Colaiste Chiarain student Conor Foy

Colaiste Chiarain student Conor Foy

  • by Colm Ward
 

local student Conor Foy has scooped the top prize at a prestigious international science and engineering fair in Los Angeles.

Seventeen-year-old Conor, a student at Colaiste Chiarain Croom, took the top prize of $2,500 for the best mechanical and experimental engineering project at the Intel International Science and Engineering Fair (Intel ISEF),

For his project, Conor designed and manufactured a device to maximise the performance of rowers.

Noel Malone, principal of Colaiste Chiarain, welcomed the news of Conor’s tremendous success and expressed his immense pride and awe at such an outstanding achievement.

“Conor is a lovely lad and is very popular in the school. We were all very hopeful that his wonderful project would be recognised for its sheer ingenuity and brilliance,” said Mr Malone.

“We are grateful to Intel Ireland for showing such faith in Conor and their decision to send him to LA has now been amply justified.
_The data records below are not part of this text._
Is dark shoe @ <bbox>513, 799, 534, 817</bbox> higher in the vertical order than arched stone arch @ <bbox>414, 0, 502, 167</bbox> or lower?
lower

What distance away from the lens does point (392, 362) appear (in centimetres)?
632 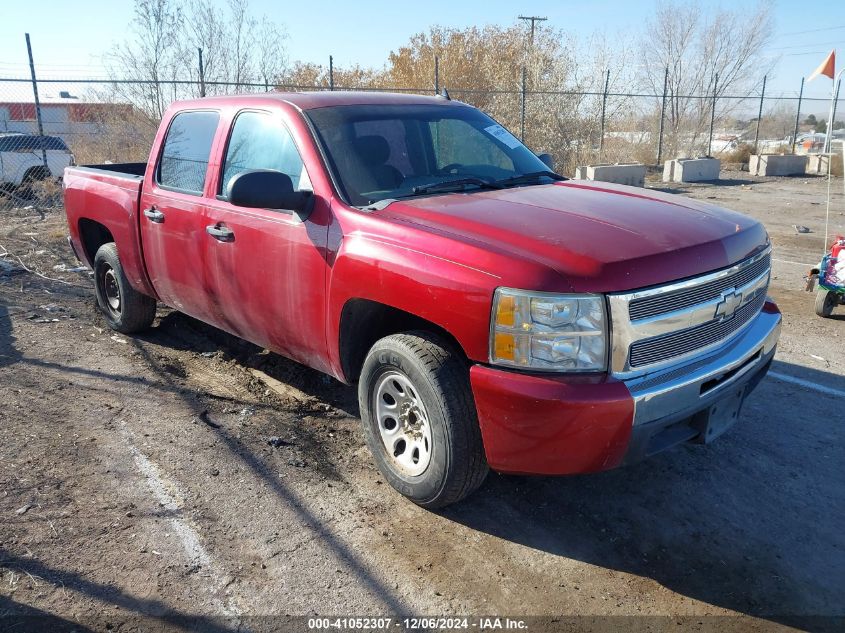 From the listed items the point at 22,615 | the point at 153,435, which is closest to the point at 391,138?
the point at 153,435

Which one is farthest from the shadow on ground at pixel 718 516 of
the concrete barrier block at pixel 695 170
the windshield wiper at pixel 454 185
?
the concrete barrier block at pixel 695 170

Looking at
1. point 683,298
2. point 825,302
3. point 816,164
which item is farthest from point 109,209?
point 816,164

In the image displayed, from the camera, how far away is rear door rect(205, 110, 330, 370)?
12.3ft

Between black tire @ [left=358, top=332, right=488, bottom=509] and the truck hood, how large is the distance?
1.79 ft

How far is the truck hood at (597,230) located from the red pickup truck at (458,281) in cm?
1

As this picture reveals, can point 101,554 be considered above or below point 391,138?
below

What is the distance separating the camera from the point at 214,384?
16.6ft

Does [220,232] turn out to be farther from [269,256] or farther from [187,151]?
[187,151]

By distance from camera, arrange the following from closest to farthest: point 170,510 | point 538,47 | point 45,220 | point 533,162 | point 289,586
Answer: point 289,586 → point 170,510 → point 533,162 → point 45,220 → point 538,47

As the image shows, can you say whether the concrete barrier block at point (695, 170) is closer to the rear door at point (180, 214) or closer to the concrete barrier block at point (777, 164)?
the concrete barrier block at point (777, 164)

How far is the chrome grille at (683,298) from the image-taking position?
285cm

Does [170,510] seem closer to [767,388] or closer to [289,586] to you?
[289,586]

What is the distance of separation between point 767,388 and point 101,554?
4.29m

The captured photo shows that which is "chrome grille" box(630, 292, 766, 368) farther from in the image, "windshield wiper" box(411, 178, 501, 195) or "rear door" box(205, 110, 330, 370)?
"rear door" box(205, 110, 330, 370) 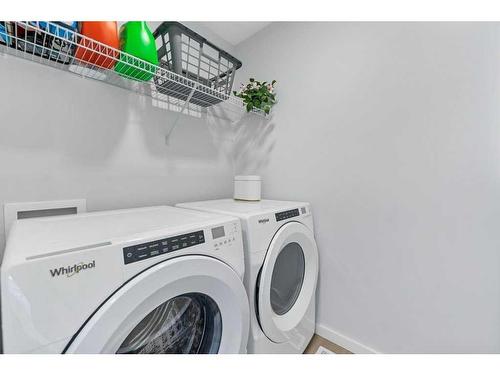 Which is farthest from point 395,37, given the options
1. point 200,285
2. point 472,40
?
point 200,285

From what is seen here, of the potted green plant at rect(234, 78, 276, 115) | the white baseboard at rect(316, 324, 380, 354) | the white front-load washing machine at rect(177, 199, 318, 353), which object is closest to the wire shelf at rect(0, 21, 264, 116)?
the potted green plant at rect(234, 78, 276, 115)

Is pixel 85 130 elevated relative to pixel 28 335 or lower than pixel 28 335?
elevated

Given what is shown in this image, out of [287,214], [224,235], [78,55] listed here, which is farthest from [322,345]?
[78,55]

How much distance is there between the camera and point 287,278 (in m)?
1.29

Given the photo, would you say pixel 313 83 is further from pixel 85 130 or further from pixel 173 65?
Result: pixel 85 130

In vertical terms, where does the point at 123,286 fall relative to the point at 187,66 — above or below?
below

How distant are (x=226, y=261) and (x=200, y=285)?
124mm

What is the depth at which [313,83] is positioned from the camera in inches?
58.2

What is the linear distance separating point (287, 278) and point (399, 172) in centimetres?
84

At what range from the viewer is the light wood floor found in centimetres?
133

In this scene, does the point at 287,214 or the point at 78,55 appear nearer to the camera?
the point at 78,55

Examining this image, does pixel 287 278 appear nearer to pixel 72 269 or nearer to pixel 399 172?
pixel 399 172

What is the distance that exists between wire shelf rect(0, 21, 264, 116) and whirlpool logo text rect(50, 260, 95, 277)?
78 centimetres

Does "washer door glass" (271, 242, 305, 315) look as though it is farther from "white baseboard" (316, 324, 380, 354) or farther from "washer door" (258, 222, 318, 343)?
"white baseboard" (316, 324, 380, 354) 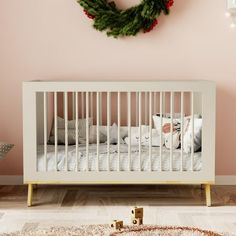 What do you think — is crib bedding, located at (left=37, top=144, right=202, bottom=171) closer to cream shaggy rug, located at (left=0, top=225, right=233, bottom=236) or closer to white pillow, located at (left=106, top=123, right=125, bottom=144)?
white pillow, located at (left=106, top=123, right=125, bottom=144)

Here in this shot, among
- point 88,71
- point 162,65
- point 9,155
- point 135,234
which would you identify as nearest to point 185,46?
point 162,65

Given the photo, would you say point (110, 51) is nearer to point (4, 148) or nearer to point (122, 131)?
point (122, 131)

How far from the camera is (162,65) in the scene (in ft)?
15.2

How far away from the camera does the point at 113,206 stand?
405 centimetres

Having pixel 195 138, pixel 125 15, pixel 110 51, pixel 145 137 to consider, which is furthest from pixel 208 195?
pixel 125 15

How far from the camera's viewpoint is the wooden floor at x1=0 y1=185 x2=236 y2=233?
12.0 feet

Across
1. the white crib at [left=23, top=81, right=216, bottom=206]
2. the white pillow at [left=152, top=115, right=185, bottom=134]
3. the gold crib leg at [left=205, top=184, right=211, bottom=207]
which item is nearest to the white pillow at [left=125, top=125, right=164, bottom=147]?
the white pillow at [left=152, top=115, right=185, bottom=134]

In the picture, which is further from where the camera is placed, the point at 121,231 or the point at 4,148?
the point at 4,148

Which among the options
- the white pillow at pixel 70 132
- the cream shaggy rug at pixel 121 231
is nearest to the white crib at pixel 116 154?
the white pillow at pixel 70 132

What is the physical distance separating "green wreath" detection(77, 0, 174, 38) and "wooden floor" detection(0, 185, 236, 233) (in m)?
1.10

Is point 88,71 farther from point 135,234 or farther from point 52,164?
point 135,234

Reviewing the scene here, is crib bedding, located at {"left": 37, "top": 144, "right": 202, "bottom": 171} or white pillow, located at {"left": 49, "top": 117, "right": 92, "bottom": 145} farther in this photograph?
white pillow, located at {"left": 49, "top": 117, "right": 92, "bottom": 145}

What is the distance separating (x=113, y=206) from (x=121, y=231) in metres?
0.74

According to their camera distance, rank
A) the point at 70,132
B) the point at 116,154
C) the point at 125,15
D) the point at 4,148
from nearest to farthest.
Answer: the point at 116,154 → the point at 4,148 → the point at 70,132 → the point at 125,15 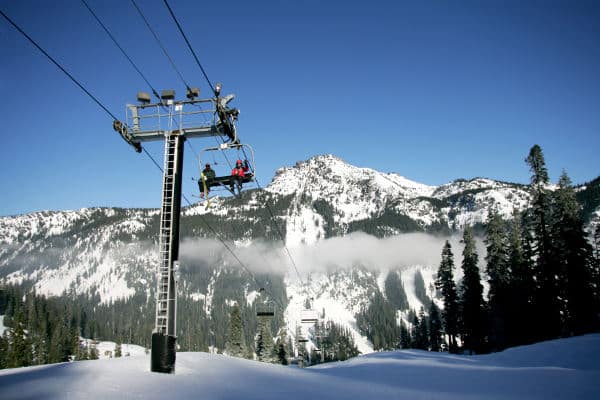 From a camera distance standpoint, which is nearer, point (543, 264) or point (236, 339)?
point (543, 264)

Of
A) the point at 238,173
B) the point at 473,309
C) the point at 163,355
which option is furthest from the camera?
the point at 473,309

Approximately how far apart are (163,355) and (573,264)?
3761cm

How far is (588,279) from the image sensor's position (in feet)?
120

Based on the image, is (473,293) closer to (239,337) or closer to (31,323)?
(239,337)

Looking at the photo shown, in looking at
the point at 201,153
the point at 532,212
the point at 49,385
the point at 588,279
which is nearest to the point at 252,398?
the point at 49,385

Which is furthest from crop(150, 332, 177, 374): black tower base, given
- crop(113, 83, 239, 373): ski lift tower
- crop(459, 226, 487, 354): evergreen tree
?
crop(459, 226, 487, 354): evergreen tree

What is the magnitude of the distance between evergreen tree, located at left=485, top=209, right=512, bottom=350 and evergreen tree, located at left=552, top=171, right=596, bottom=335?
6816 mm

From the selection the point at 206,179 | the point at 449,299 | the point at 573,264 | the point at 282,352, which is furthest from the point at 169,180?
the point at 282,352

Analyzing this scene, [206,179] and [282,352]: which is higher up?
[206,179]

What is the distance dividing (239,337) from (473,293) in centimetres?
3886

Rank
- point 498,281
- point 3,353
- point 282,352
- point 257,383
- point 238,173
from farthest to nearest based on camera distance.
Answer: point 282,352
point 3,353
point 498,281
point 238,173
point 257,383

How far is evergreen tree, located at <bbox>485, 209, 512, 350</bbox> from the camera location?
46.2 metres

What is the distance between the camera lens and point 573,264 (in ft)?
123

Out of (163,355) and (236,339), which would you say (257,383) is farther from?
(236,339) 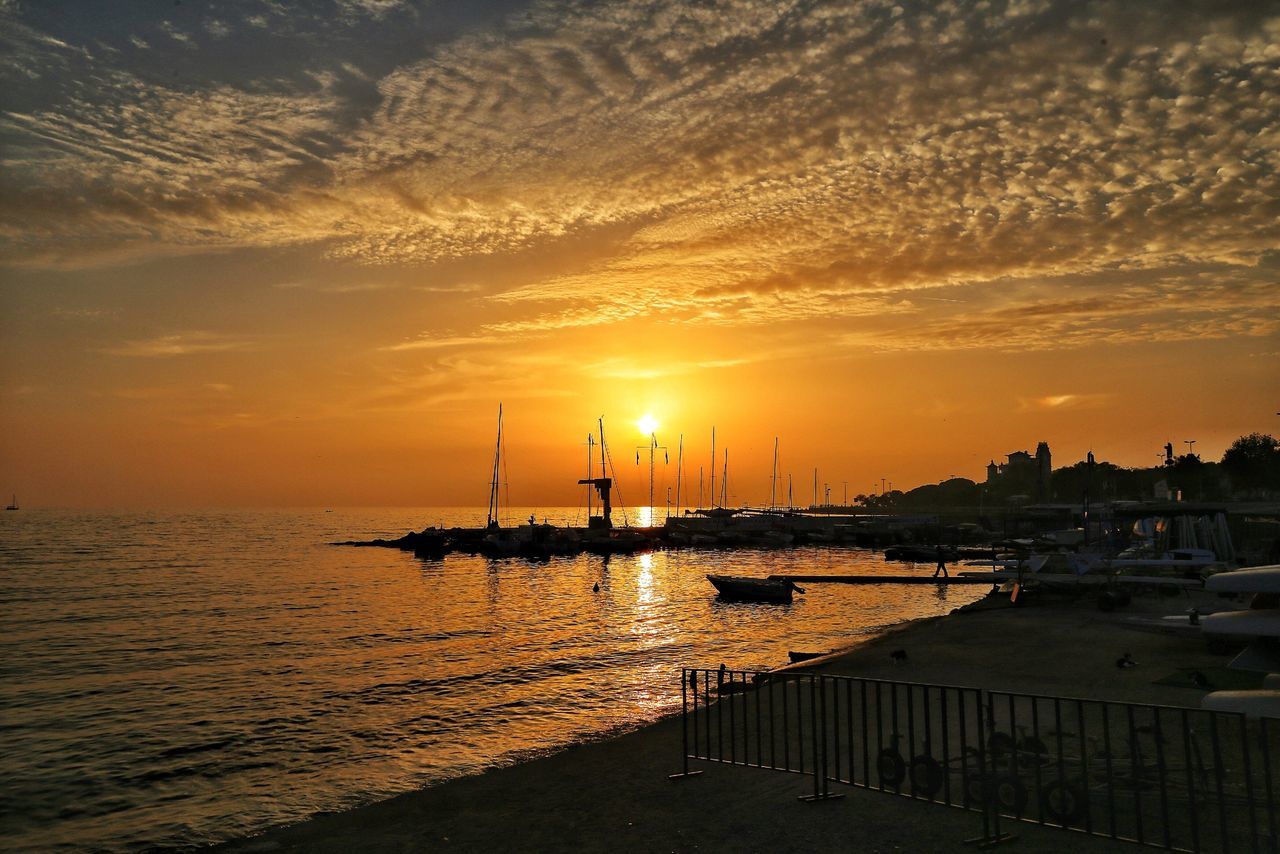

We are all so proud of him.”

ISEF is the world’s largest international pre-college science competition, providing an annual forum for more than 1,700 secondary level students from over 70 countries, regions, and territories to showcase their independent research and compete for more than $5 million in awards.

In Ireland, the SciFest national final, which took place last November, was the closest in years, with a number of projects vying for the top award. The Grand Award, which included an all-expenses-paid trip to represent Ireland at ISEF in Los Angeles in May, eventually went to Paul Clarke from St Paul’s College in Raheny, Dublin. Paul subsequently also won the BT Young Scientist and Technology top award.

However, because the standard of the projects was so high, Intel Ireland decided to consider sending a second SciFest project to the competition in Los Angeles and Conor Foy, who had come an extremely close second in the national competition, was invited to the Intel facility in Leixlip where he presented his project to a panel of engineers from the company. The engineers were so impressed with the quality of Conor’s project that he was invited to compete also with Paul Clarke, at Intel ISEF 2014.

Conor subsequently travelled to Los Angeles, with his teacher Edel Farrell, courtesy of Intel Ireland. This was a very wise decision as Conor went on to win first prize. This was awarded by The Society for Experimental Mechanics, Inc, which is composed of international members from academia, government, and industry.